- Directed by: Walter Lantz Bill Nolan
- Story by: Walter Lantz Bill Nolan
- Produced by: Walter Lantz
- Starring: Joe E. Brown Fred Avery
- Music by: James Dietrich
- Animation by: Manuel Moreno Ray Abrams Lester Kline Fred Avery Vet Anderson
- Color process: Black and white
- Production company: Universal Cartoon Studios
- Distributed by: Universal Pictures
- Release date: January 18, 1932;
- Running time: 7:23
- Language: English

= Grandma's Pet =

1932 film

Grandma's Pet is an animated short film by Walter Lantz Productions and is part of the Oswald the Lucky Rabbit series. It is the 53rd Lantz Oswald cartoon and the 106th cartoon overall.

==Plot==
One night, Oswald is reading to three kittens the story of Little Red Riding Hood. After reading his book, he falls to sleep in his bed.

Oswald then dreams of the live female stuffed doll (his second girlfriend in the series) being like the title character of the story he just read: walking through the woods in a red hood and carrying a basket. He even dreams of himself in the scene, accompanying her. On the way, they meet a large wolf who desperately wants a share of the goods in the doll's basket. The doll, however, declines and tells the wolf that what's inside was for her grandmother. The wolf is disgusted and thinks of a way to obtain the contents.

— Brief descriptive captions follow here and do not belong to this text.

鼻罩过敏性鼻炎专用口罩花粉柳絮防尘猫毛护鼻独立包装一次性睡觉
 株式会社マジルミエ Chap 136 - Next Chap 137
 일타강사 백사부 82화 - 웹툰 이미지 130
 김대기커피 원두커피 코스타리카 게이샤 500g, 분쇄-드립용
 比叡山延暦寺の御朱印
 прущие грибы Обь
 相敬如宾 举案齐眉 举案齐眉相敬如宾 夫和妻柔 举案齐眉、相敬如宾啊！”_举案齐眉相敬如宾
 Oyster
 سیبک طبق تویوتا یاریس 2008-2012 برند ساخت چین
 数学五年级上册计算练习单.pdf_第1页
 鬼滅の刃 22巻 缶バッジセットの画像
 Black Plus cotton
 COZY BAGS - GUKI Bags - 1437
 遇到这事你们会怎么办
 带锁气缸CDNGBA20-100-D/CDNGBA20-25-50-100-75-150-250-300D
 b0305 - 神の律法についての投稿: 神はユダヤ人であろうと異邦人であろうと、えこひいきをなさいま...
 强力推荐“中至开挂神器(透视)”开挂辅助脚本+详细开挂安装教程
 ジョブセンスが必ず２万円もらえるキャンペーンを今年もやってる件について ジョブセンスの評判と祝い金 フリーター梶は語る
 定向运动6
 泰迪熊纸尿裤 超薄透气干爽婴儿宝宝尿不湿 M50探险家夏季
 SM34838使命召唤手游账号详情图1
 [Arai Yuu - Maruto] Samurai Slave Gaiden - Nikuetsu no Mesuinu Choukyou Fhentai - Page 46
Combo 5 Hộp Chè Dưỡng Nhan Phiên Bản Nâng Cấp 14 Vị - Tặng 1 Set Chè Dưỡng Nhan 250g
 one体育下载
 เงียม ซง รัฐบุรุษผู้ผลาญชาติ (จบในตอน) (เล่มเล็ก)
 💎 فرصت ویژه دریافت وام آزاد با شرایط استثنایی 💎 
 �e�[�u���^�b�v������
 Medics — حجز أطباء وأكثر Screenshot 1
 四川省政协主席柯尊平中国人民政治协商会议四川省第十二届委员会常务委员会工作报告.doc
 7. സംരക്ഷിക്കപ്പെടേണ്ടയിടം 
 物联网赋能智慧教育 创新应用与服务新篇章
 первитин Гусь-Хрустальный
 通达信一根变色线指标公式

As Oswald and the doll go on walking, the wolf decides to reach the grandmother's home before them which is part of his plan. The wolf invades the house and harasses the old lady before putting her in a freezer. He then disguises himself in a nightgown and tucks himself into the bed.

When the two little friends finally arrive at the house, the doll proceeds to the bedroom while Oswald stays near the door. While the rabbit waits, a rat came to and tells him to open the freezer. Oswald opens it and is shocked to find the real grandmother trapped in a block of ice. In the bedroom, the doll eventually realizes who she's speaking to and begins to make her run as the wolf aggressively goes forth.

In no time, the wolf gets his hands on the doll and takes her basket which he finds a magic wand inside. Before Oswald could intervene, he magically sends the rabbit into a skyscraper area, dangling on two clotheslines. The wolf then teleports Oswald onto an elevated railway with an incoming train, then into the mouth of a whale, and finally into a shooting gallery with firing shooters. He and the doll (still in his grasp) are in every place Oswald is transported to, but at safer locations.

Finding his way out of the shooters' gunfire, Oswald is able to take the wand and teleports everybody back to the grandmother's place. When they return to the house, the wolf, for some reason, is lying on a table unconscious. Oswald then uses the wand to transform their tormentor into a large roasted turkey. The grandmother, who is finally defrosted, comes to the dining room and decides to have a meal of what's on the table. For a job well done, Oswald and the doll kiss each other.

Morning comes and Oswald wakes up from his dream. He is, however, surprised to see that what he had been kissing was a cow that sticks its head in the window.

==Availability==
The cartoon is available on the Woody Woodpecker and Friends Classic Cartoon Collection DVD box set.